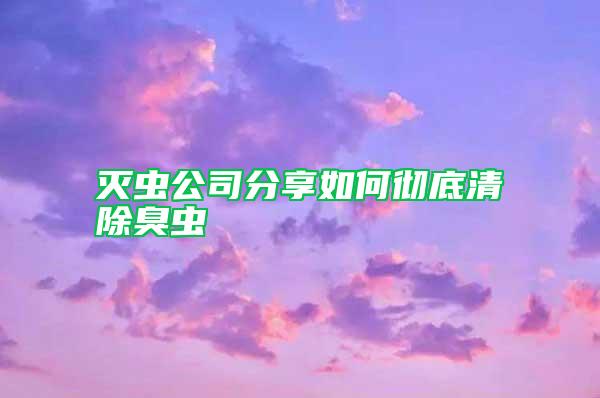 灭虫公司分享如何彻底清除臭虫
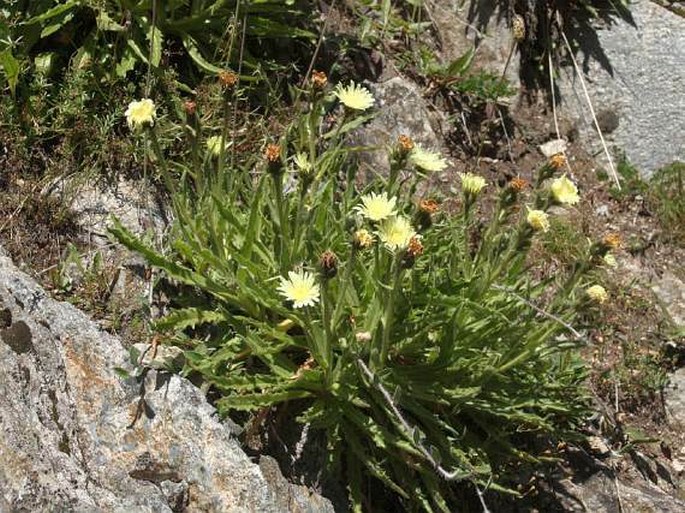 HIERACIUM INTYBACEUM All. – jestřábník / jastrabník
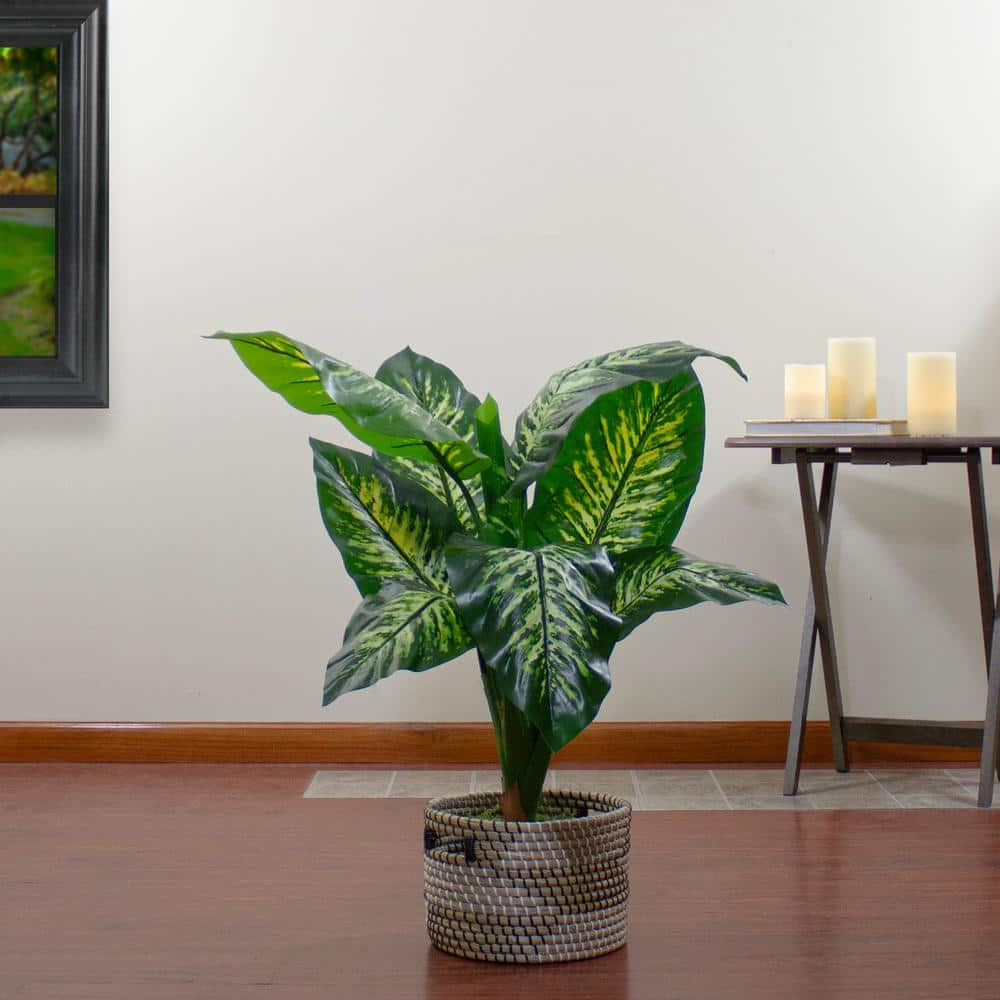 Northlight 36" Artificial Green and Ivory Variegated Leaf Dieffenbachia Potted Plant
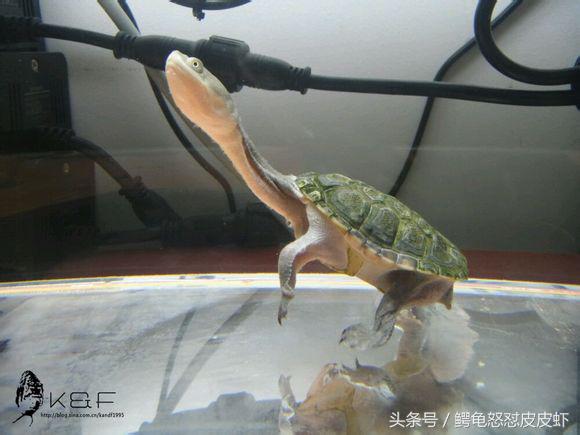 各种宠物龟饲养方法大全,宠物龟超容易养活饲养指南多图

** Problem to solve **
Word for word, restate all of the data, but do not copy the pictures.

** Exercise output **
 灭虫公司分享如何彻底清除臭虫
 HIERACIUM INTYBACEUM All. – jestřábník / jastrabník
 Northlight 36" Artificial Green and Ivory Variegated Leaf Dieffenbachia Potted Plant
 各种宠物龟饲养方法大全,宠物龟超容易养活饲养指南多图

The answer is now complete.